Flavobacterium meningosepticum. Black pigment ink on on white 6"x6" Bristol Board, inverted colors.
The Wall Street Journal Weekend edition dated June 30, 2012 has a very good article by Matt Ridley (Mind & Matter) about microbes, worms and our bodies and I quote "...there are at least 10 times as many bacterial cells (belonging to up to 1,000 species) in your gut as there are human cells in your entire body: that "you" are actually an entire microbial zoo as well as a person. You are 90% microbes by cell count, though not by volume - a handy reminder of just how small bacteria are."

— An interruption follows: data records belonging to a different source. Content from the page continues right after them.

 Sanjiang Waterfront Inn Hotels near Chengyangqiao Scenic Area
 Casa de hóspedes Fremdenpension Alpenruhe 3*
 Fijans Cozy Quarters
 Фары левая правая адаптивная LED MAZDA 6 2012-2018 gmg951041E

For the past three years I have been involved with a project for our infection control department that at times consumed my waking hours and disrupted my sleep. I was asked to write a rule program to identify MDRO or multiple drug resistant organism microbiology results and automate desired actions that will facilitate the monitoring process for our clinicians to enhance care for our patients and the prevention of nosocomial infections. Whew! That was a long sentence! I loved and dreaded the project. It was a complete mental burden since I was the primary and lone rule writer for this project. We worked as a team but still it was my responsibility to write and make the rule work. The rule module is so long it prints on 40 to 50 letter sized pages in size 10 font. Imagine troubleshooting a programming line. That is why I wear glasses. Below is a drawing I did three years ago to describe my enthusiasm and dread for the overwhelming responsibility. By the way, the project is still going on and this month we are upgrading the code.

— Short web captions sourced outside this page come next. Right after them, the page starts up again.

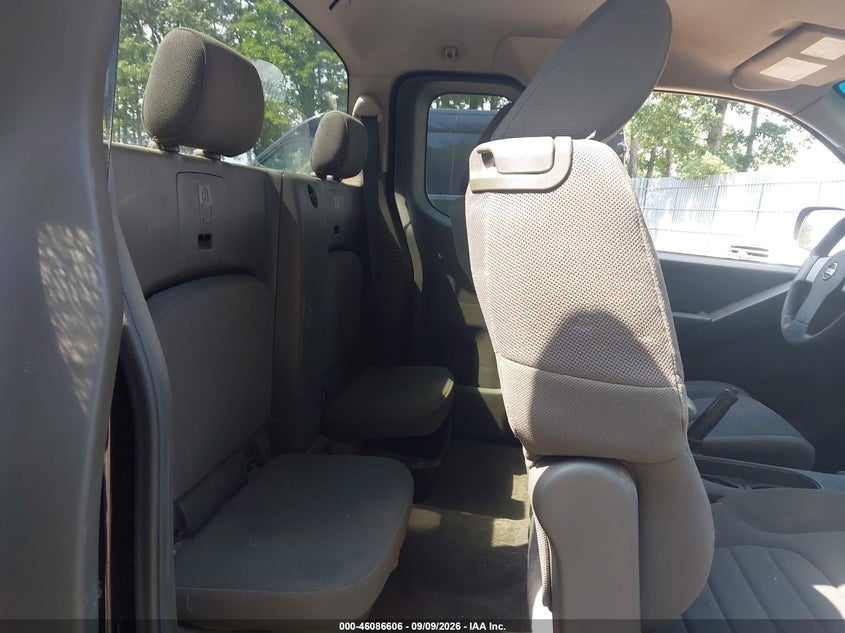 2013 NISSAN FRONTIER auction photo 8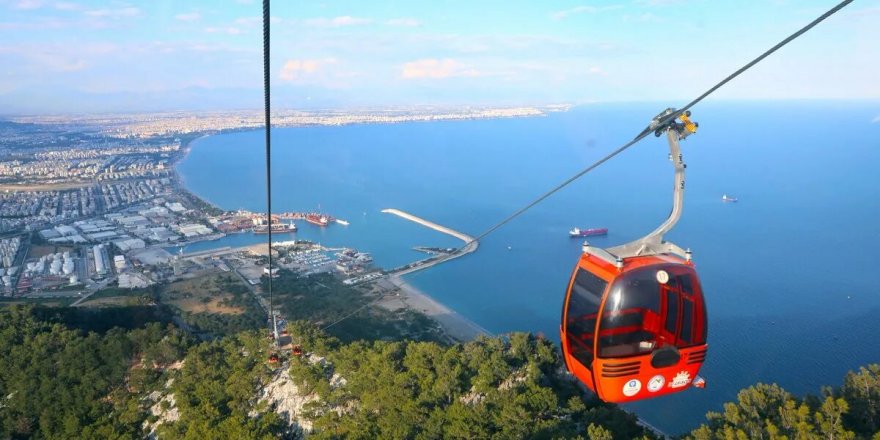 Antalya'da Teleferik Kazası... 1 kişi Öldü, 184 kişi Havada Mahsur!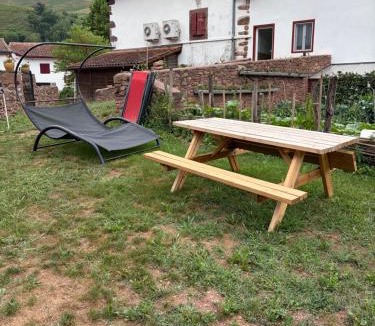 Hosta House | chambres d'hôtes Etche Iza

In 2009 it was an ambitious attempt to install a timely notification process for our infection control specialists. We were pioneers in this field having started as early as 2004 to computerize some form of notification and automate desired actions and procedures. This year, we finally implemented a software module from our vendor but it fell short in performing the most important process – identify MDRO or multiple drug resistant organisms through a clinical algorithm. You see, this process is quite complicated with formulas and clinical requirements associated with cultures and sensitivities. We were successful in doing so with scripts and rules that we developed. However, this was not without pain as throughout the past three years we improved upon the process in collaboration with our infection control practitioners. The vendor took our rule and script and enhanced it to make the new module perform what we now consider as one of the core functions.
One of the organism genus evaluated by this rule is Flavobacterium, meaning “yellow bacteria” described by the yellow pigment often associated with these organisms.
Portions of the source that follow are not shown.